Leave no picture in, and give every entry again exactly.

::::

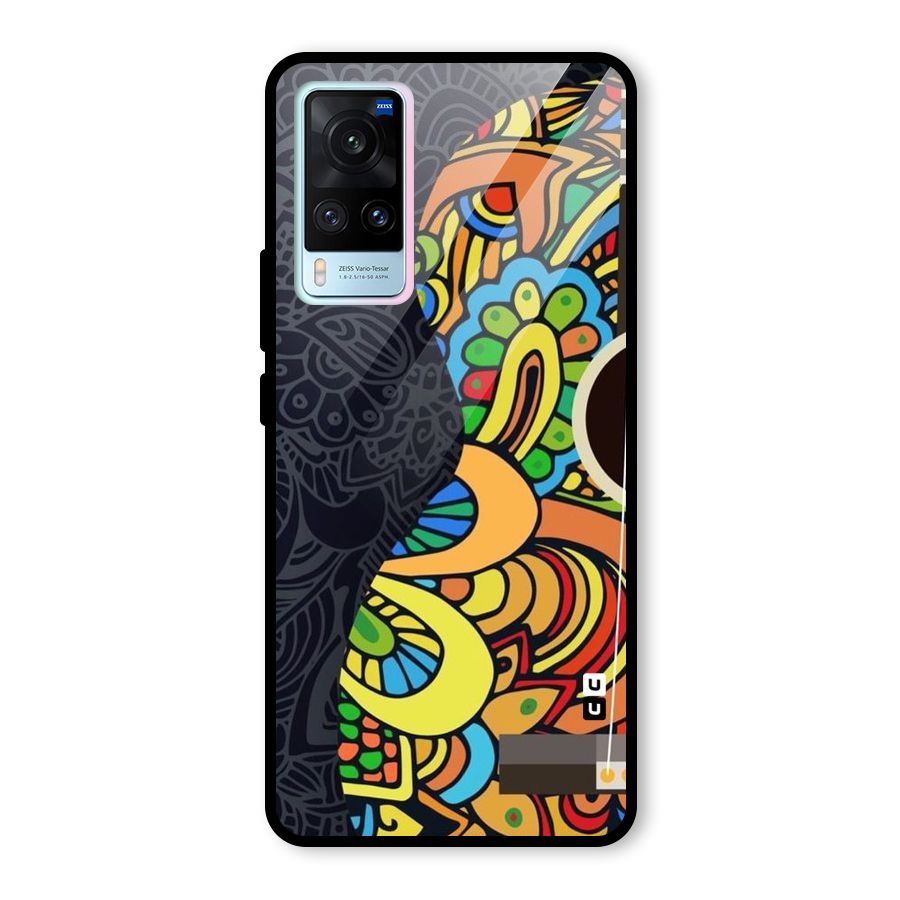 Colored Blocks Glass Back Case for Vivo X60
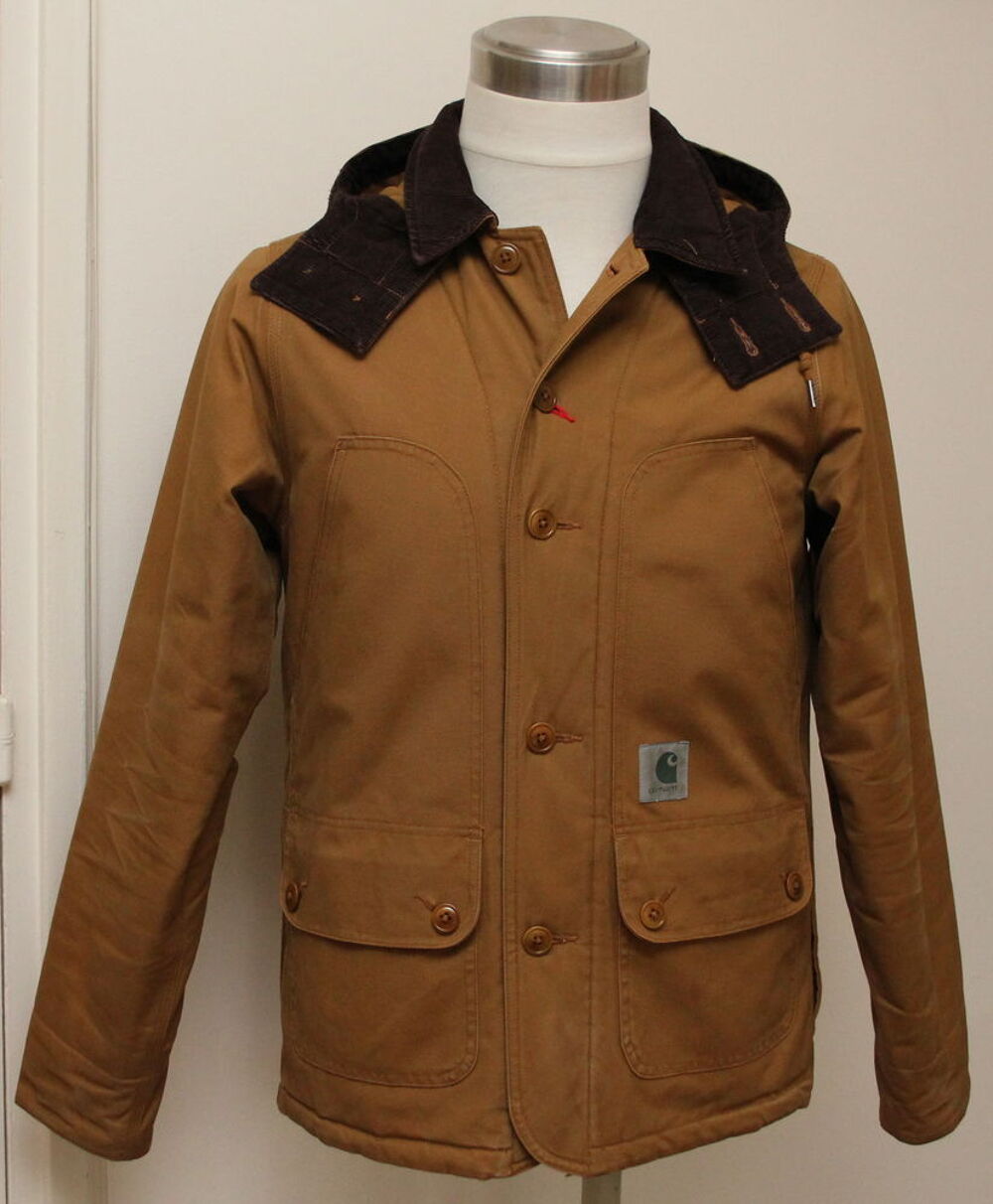 Veste tabac capuche CARHARTT 
Taille S Vêtements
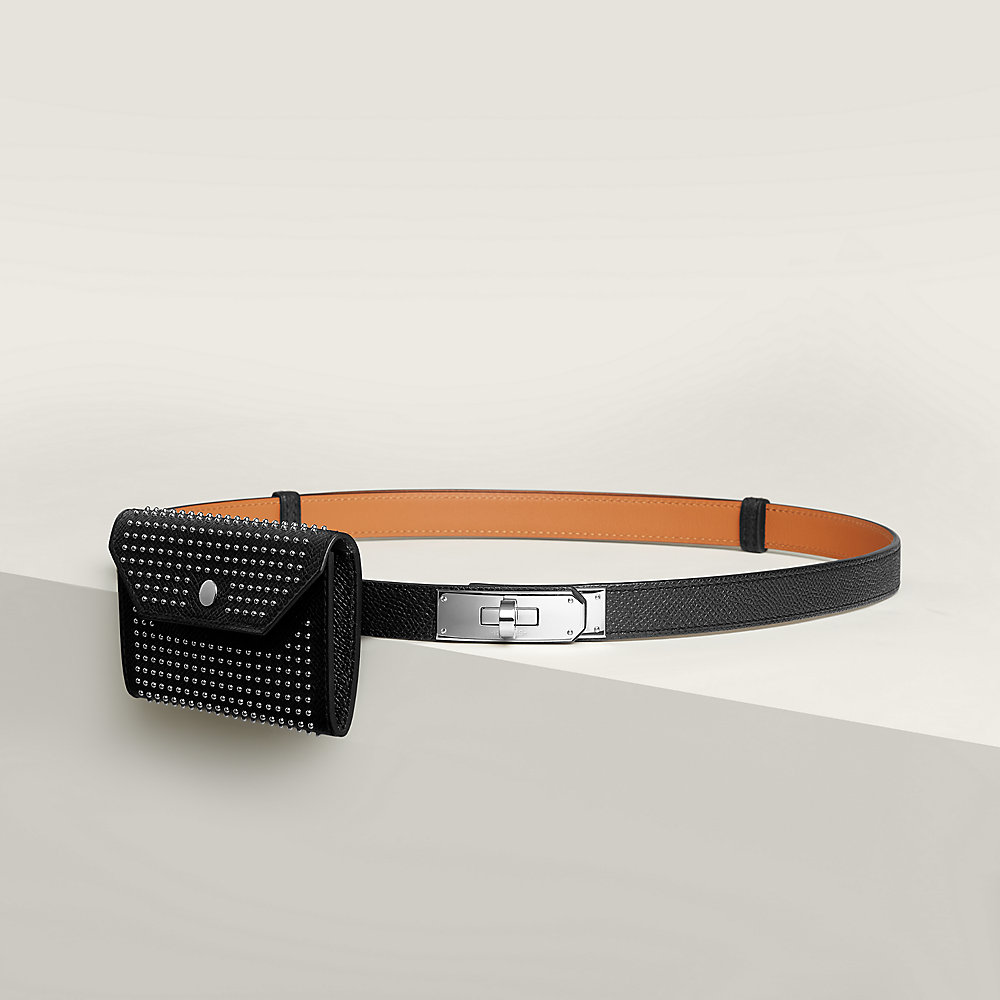 Kelly Pocket Filou 18 belt - Black | Hermès USA Kelly Pocket Filou 18 belt - Black | Hermès USA
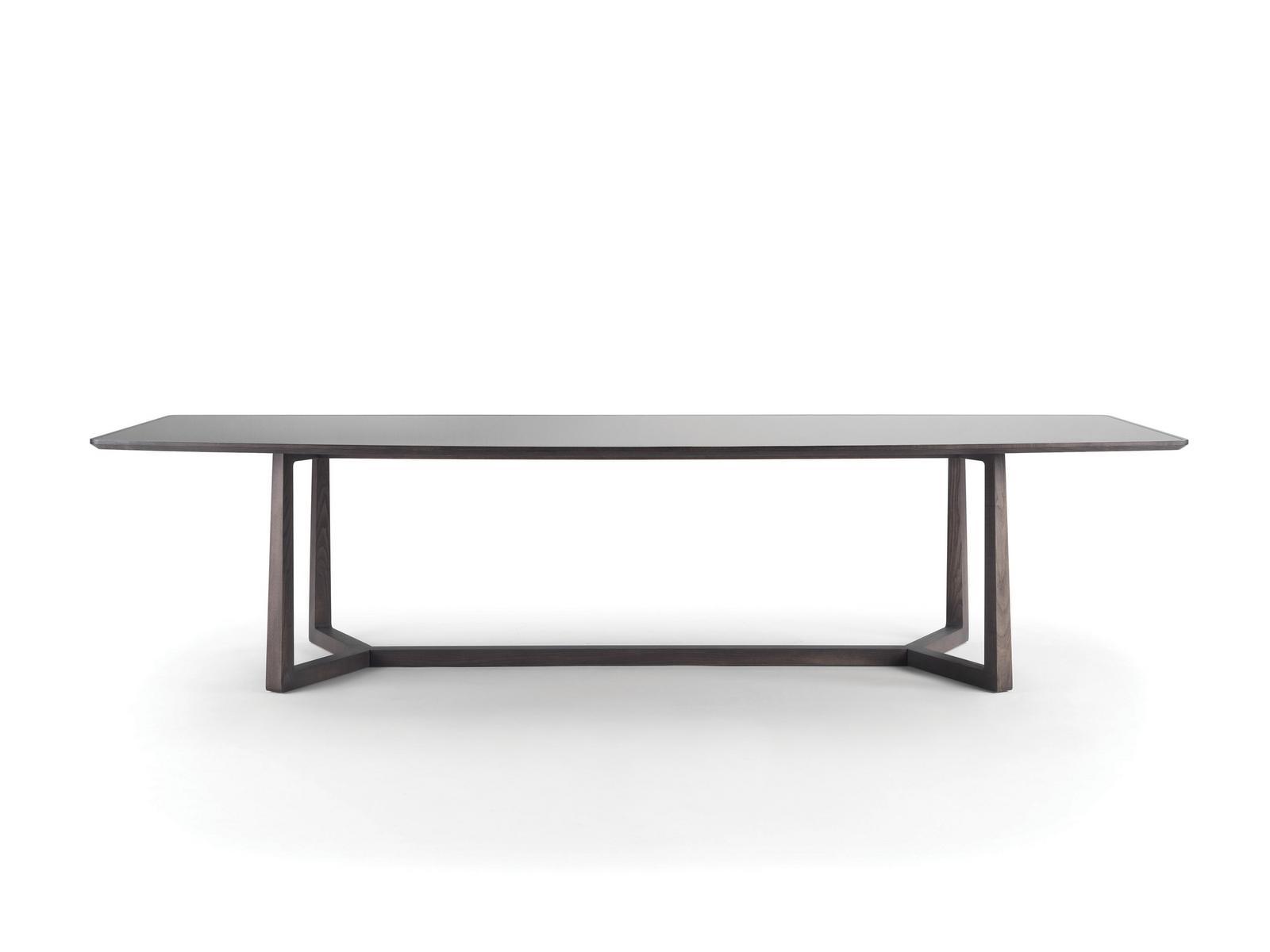 Rectangular wooden table | Gipsy by Flexform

::::

▶ OUTPUT OF THE EXERCISE
 Colored Blocks Glass Back Case for Vivo X60
 Veste tabac capuche CARHARTT 
Taille S Vêtements
 Kelly Pocket Filou 18 belt - Black | Hermès USA Kelly Pocket Filou 18 belt - Black | Hermès USA
 Rectangular wooden table | Gipsy by Flexform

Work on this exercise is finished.